California’s blackouts could make fighting climate change even harder

LA Times

The state’s plans for slashing climate emissions depend on a stable electric grid delivering clean electricity to the cars, homes and businesses of the world’s fifth-largest economy. The jarring new reality of preemptive blackouts could frustrate those plans by throwing the grid’s reliability into doubt.

Government-run energy providers known as community choice aggregators, or CCAs — which now serve about one-quarter of California residents — say they could play a major role in helping homes and businesses install rooftop solar systems and batteries to protect themselves against blackouts.

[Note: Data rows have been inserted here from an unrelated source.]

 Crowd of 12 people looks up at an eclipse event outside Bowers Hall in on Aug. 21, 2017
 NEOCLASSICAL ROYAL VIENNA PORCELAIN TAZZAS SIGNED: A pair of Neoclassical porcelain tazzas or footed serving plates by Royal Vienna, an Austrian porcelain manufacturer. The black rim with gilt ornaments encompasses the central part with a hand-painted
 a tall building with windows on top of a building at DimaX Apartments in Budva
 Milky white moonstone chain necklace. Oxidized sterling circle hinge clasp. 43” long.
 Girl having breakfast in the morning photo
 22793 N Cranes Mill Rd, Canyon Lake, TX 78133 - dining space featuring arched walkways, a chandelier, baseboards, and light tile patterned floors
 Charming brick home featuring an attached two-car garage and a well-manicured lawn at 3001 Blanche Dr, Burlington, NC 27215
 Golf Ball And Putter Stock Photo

CCAs don’t operate the poles and wires at the heart of the state’s wildfire crisis — that’s still the job of investor-owned utilities across most of the state. But they are responsible for electricity rates and customer incentive programs, and many of them have chosen to prioritize local energy resources.

The CCA serving Alameda County, East Bay Community Energy, recently signed a contract with the San Francisco-based company Sunrun to buy 500 kilowatts of “resource adequacy” from rooftop solar panels and batteries the company plans to install at low-income single-family and multifamily homes.

Basically, the CCA will pay Sunrun for the right to draw power from the solar-plus-storage systems. And when PG&E’s electric grid goes down during a preemptive power shutoff or other emergency, those low-income homes will be able to keep the lights on, East Bay Chief Executive Nick Chaset said.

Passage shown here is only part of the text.